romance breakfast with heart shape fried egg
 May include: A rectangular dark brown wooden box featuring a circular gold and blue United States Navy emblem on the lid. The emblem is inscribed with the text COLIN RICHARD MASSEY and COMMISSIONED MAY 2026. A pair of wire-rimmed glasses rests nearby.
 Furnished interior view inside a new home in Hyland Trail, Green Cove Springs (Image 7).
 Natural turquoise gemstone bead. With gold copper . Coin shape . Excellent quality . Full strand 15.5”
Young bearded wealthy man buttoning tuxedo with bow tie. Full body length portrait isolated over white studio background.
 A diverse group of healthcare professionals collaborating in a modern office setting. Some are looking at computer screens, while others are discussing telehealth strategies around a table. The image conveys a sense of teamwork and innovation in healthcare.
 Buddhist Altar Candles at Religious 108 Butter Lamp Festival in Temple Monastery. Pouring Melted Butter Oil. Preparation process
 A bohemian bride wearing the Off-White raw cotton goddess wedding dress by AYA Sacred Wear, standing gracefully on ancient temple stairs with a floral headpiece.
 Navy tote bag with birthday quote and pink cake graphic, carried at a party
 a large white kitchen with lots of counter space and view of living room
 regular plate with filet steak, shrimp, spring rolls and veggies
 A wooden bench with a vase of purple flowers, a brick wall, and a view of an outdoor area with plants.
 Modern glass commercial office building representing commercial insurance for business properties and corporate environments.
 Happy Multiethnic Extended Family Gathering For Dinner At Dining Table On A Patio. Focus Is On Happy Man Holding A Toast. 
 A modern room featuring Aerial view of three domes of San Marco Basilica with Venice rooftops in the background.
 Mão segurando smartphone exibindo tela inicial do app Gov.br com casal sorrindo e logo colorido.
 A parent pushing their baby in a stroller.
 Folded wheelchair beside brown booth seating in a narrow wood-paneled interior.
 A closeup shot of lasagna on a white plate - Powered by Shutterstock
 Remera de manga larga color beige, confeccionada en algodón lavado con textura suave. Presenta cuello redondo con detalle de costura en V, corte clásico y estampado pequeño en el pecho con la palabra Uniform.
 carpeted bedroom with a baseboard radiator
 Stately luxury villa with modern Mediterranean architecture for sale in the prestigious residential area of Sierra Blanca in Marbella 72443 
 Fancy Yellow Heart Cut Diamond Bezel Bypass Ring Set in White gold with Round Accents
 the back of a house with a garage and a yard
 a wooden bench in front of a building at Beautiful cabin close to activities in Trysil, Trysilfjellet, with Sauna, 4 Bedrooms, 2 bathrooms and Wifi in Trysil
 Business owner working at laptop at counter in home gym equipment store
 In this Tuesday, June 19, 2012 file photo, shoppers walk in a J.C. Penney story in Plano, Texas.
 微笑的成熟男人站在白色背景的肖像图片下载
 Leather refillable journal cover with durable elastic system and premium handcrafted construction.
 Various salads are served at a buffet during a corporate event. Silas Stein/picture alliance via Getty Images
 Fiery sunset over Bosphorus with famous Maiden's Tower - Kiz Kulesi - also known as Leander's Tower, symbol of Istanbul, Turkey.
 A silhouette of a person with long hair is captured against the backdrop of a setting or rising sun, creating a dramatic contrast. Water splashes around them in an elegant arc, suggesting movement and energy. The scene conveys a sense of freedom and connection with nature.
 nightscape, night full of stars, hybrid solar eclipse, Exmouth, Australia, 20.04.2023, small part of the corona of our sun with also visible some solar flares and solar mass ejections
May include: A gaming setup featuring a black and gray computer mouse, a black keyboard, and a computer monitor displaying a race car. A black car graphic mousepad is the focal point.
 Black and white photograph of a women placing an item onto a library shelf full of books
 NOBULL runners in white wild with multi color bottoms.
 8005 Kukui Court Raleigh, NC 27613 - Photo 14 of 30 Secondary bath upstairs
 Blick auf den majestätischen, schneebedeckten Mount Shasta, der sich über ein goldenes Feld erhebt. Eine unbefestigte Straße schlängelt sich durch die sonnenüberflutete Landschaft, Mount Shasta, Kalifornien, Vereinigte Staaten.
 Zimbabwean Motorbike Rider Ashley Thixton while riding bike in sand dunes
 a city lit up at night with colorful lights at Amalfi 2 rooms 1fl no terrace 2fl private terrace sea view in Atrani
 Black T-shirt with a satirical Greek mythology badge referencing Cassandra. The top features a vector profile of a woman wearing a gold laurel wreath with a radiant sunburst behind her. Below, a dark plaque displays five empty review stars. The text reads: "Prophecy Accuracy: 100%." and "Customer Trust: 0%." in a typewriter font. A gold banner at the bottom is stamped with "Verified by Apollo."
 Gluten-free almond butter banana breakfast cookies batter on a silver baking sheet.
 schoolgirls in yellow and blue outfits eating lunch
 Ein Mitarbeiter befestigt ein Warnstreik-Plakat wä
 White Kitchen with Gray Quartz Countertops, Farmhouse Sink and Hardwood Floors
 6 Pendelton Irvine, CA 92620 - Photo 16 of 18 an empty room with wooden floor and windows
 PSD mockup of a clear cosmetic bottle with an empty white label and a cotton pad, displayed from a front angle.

* * * * * * *

From the records above, repeat exactly the lines from the one with "A parent pushing their baby in a stroller." through the one with "A closeup shot", both included.

> [Task answer]
 A parent pushing their baby in a stroller.
 Folded wheelchair beside brown booth seating in a narrow wood-paneled interior.
 A closeup shot of lasagna on a white plate - Powered by Shutterstock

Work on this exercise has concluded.